Destructuring functions

I'm confused about this part of the lesson.

function getData({ url, method = 'post' } = {}, callback) {
  callback(url, method);
}

getData({ url: 'myposturl.com' }, function (url, method) {
  console.log(url, method);
});

Which part of this code is the "destructered" part? i.e. What would it look like if it weren't destructered?

Also, why is there an empty set of brackets within the list of parameters here?:

function getData({ url, method = 'post' } = {}, callback) {
  callback(url, method);
}

What does it mean? It wasn't explained in the video:

3 Answers

akak
akak
29,445 Points
akak
akak
29,445 Points

The empty brackets there is the part of the syntax to allow deconstruction of an object. Look closely how the getData function is being called. It get's only two arguments: an object with url key, and a callback function.

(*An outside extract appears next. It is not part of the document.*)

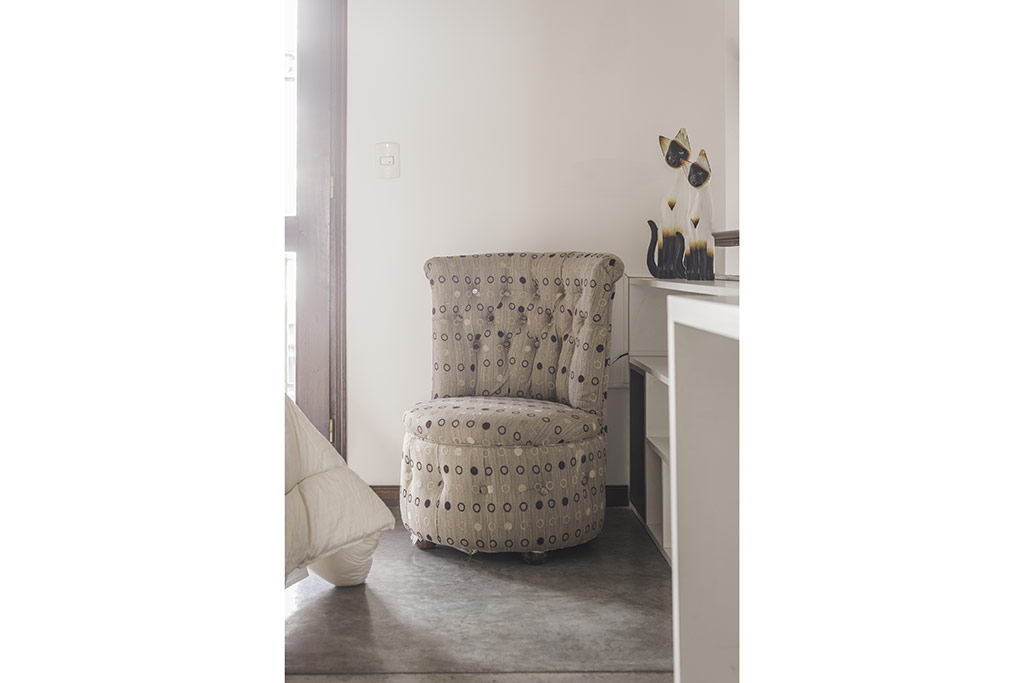 13-confortable-natual-022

Based on that fact, without using deconstructing (and just to stay ES5 all the way also with the old way of supplying default arguments) this function would look like this: 

function getData(data, callback) {
  data.method = data.method || 'post';
  callback(data.url, data.method);
}

But since we know data will be an object with keys url and method we can destructure it using {url, method} = {}. And now access directly url and method keys without doing data.url, data.method.

EDIT: As correctly pointed out by Tom Geraghty in the comments, the = {} part is not required in deconstructing. It's only a safeguard that provides {} as the default value if the function is called with the first argument as undefined. It's totally optional, and the deconstruction will work fine as described without it as well.

ac10
ac10
12,799 Points

Got it, thanks very much!

Tom Geraghty
Tom Geraghty
24,174 Points
Tom Geraghty
Tom Geraghty
24,174 Points

The highest voted answer doesn't seem correct. The ={} is setting the default values as OPTIONAL for the function to be called. So you can call the function like this:

getData({}, callback);

or this:

getData({url: things, method: stuff}, callback);

Without the ={} in the parameter, if you called it the first way getData({}, callback) you would get an error.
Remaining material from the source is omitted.